Análisis
Y no estaba muerto, señoras y señores
Le conocí cuando yo debía tener 17 años y él 30 y muchos en su amplia casa del Eixample, seguramente de Núñez y Navarro. El periodista Fernando del Collado, de mi edad, y un servidor le pedimos una entrevista para el programa Ràdio-Scope de Salvador Escamilla: nos trató como a profesionales y con cariño añadido. No volví a estrecharle la mano -él ya convertido en Orson Welles- hasta una de las penúltimas ediciones del acto del Onze de Setembre en la que cantó El mig amic, su única pieza en catalán y dedicada a su padre, trashumante vendedor de paño que, enredant per aquí i enredant per allà, había logrado engatusar a la Benemérita. Sí, Peret (uno de los escasísimos nombres artísticos en lengua autóctona antes de la Nova Cançó) enseñó a algunos desconfiados que la gitanería era compatible con la catalanidad y la decencia. También cantó en romaní, la lengua de los suyos.

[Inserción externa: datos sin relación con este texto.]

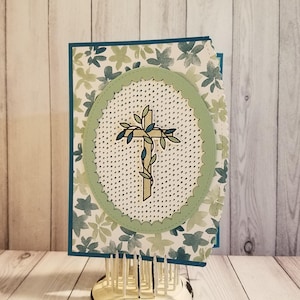 Carte de Pâques, Religieuse, Chrétienne, Croix, Bénédictions, Carte de voeux avec enveloppe, Fait main, 3D, Cadeau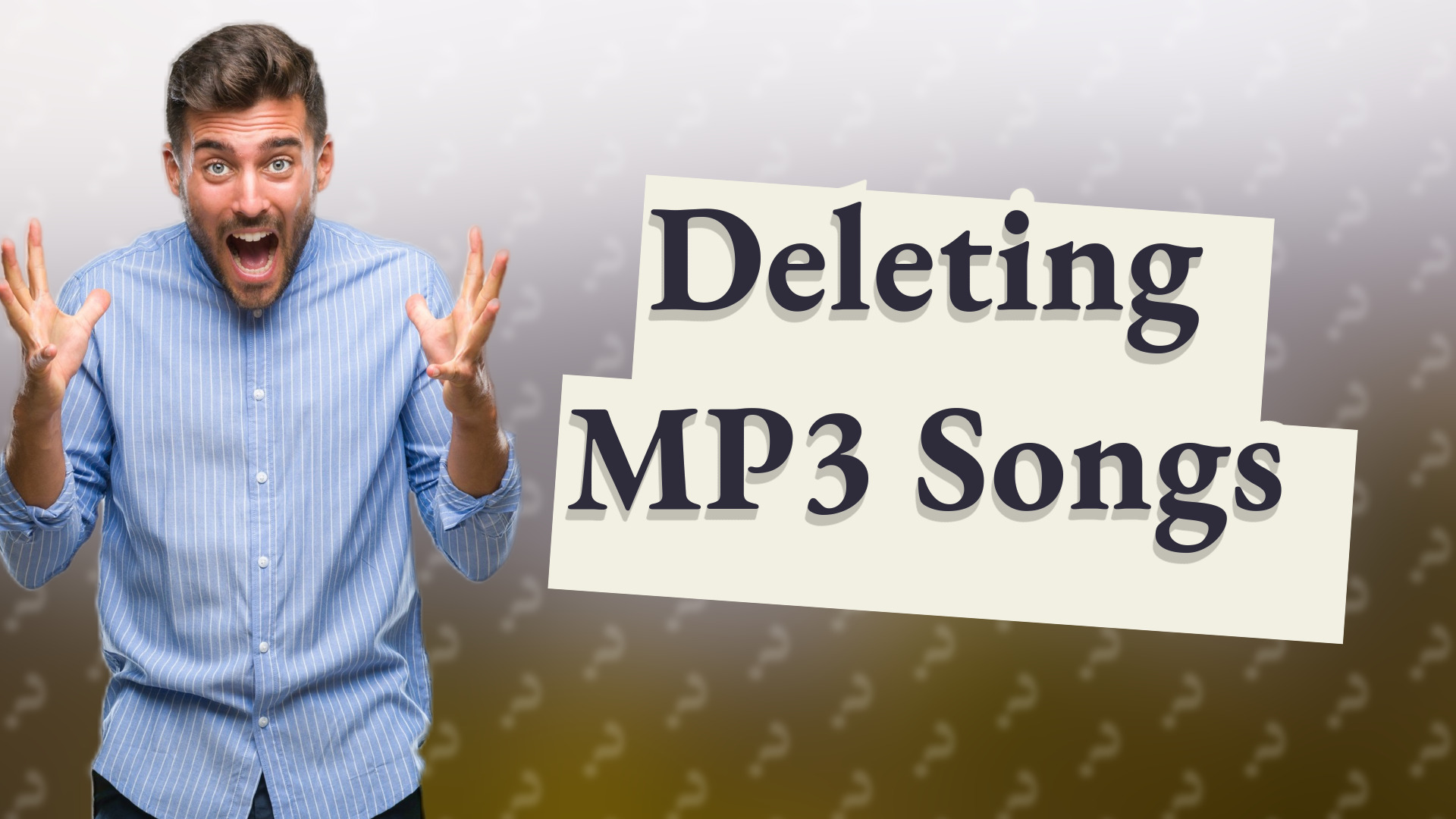 Deleting MP3 Songs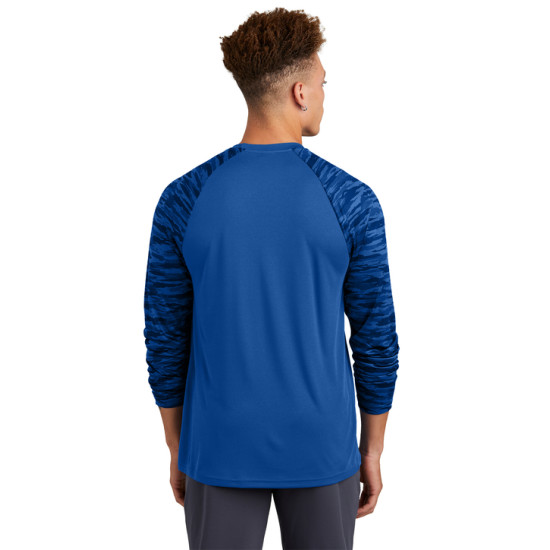 Sport-Tek® Drift Camo Colorblock Long Sleeve Tee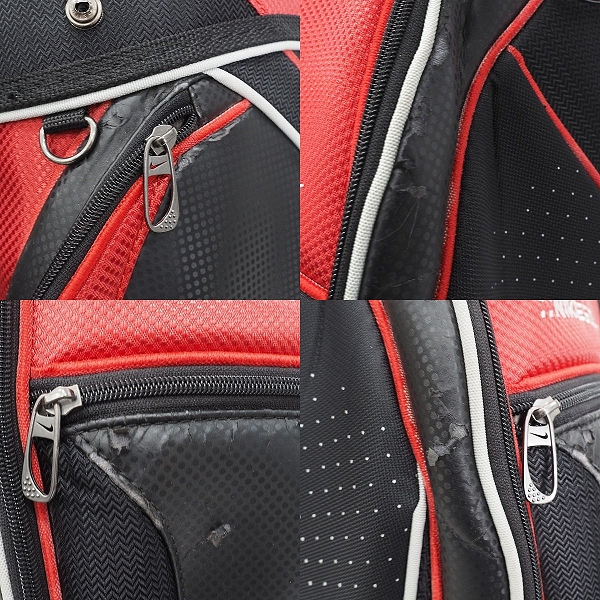 実際に弊社で買取させて頂いたNIKE GOLF/ナイキ ゴルフ BG0232 EZ2 6分割キャディバッグ ブラックｘレッドの画像 7枚目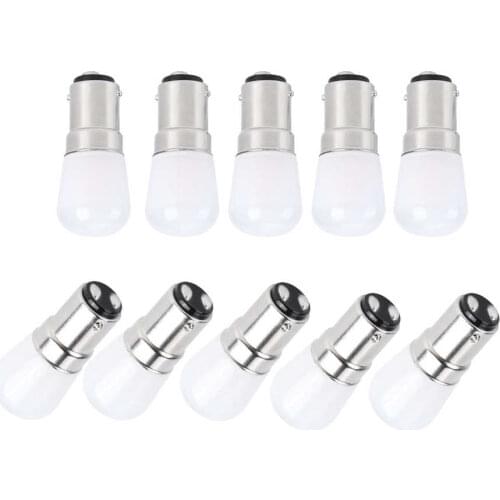 10Pcs 1.5W AC230V E12 LED Candle Light Bulb Chandelier Pendent Lamp Replacement Bulbs Landscape Cabinet Table Desk Lamp Bulb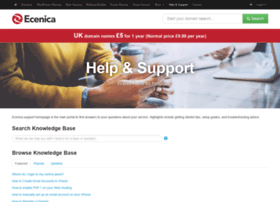 Support.ecenica.com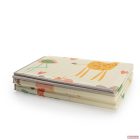 Zopa kétoldalas, összecsukható habszivacs játszószőnyeg (szegett szegéllyel) 180×120 cm - savana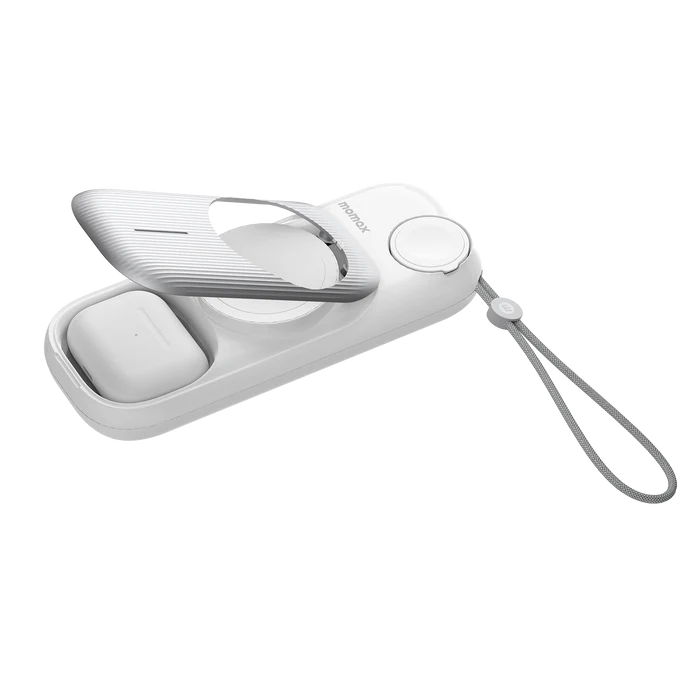 شارژر بی سیم 3 کاره Airbox Go | MagSafe Power Capsule (10000mAh) مومکس (momax)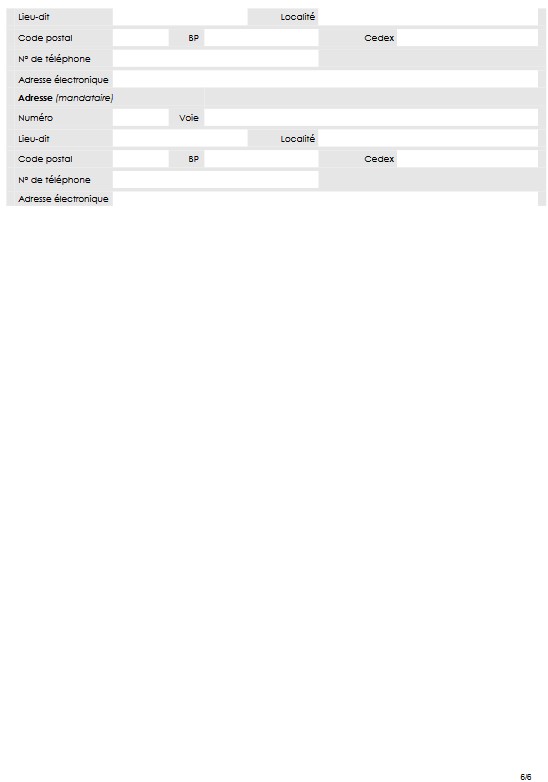 Cerfa autorisation préalable de mise en location (APML) 6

La rumba catalana, como su hermana habanera, se produjo muy mayoritariamente en castellano, hasta que el argentino Gato Pérez -¡oh, paradoja!- decidió que el catalán podía asumir enigmáticos términos como cuchíbiri cuchíbiri, y fue entonces cuando muchos descubrimos que la Mariola de Lleida era la patria sanjuanera del garrotín. Muchos han intentado viajar al big bang de la rumba catalana, en los años 40 del lejano siglo XX y han vuelto sin respuesta; los geógrafos acordaron fijar su lugar de nacimiento en la arrabalera y barcelonesa calle de la Cera, territorio de Pere Pubill Calaf. Su contrincante en la paternidad del nuevo ritmo, mezcla de tanguillo flamenco, mambo cubano y unas gotas de rock and roll, fue Antonio González, El Pescaílla, hijo del Tío González y, luego, marido de Lola Flores. En la fachada del número 8 de la calle de Fraternitat, en Gràcia, una lápida del Ayuntamiento le recuerda como creador de la Rumba Catalana. ¿Uno fue el creador y el otro el rey? La lista de los que les precedieron y acompañaron es altamente eufónica: el Tío Polla, el Tío Mero, el Marqués de Pota, el Toqui, el Chango, el Linus, el Polvorilla, el Huesos, lo Parrano, l'Orelles, la Marelu... Como lo son los nombres de los personajes que el rumboso rumbero nos dejó: Don Toribio Carambola, los Gitanos Antón y Fino, el Mig Amic, Chi Chi Pau, el Muerto Vivo, la Gitana Hechicera, Belén Belén, Margot, la Pícara María y el Borriquito.
Peret cantó para los conductores del 600, para los primeros turistas y las suecas, para su Santa y para las putas (Que levante el dedo). Nunca para Franco en El Pardo, pero sí en Eurovisión (Canta y sé feliz fue poco votada por el muy reciente garrotín vil con el que el Generalísimo ejecutó a Puig Antich, en 1974), en los Juegos del 92 y en el independentista Concert de la Llibertat. En 1985, harto de ventilador y juergas que clausuraba el amanecer, descubrió a Dios y se puso, lejos de los tablaos, a descifrar sus renglones torcidos.
Sus más allegados (Dusminguet, La Troba Kung-Fú, Estopa, los Amaya, los Manolos, Sabor de Gràcia, Rumba Tres...) no llorarán, le cantarán; ninguna lágrima caerá en la arena, porque todos nos tomamos muy en serio su evangelio hedonista. Peret no está muerto, señoras y señores, no, no, que está tomando caña, mucha caña.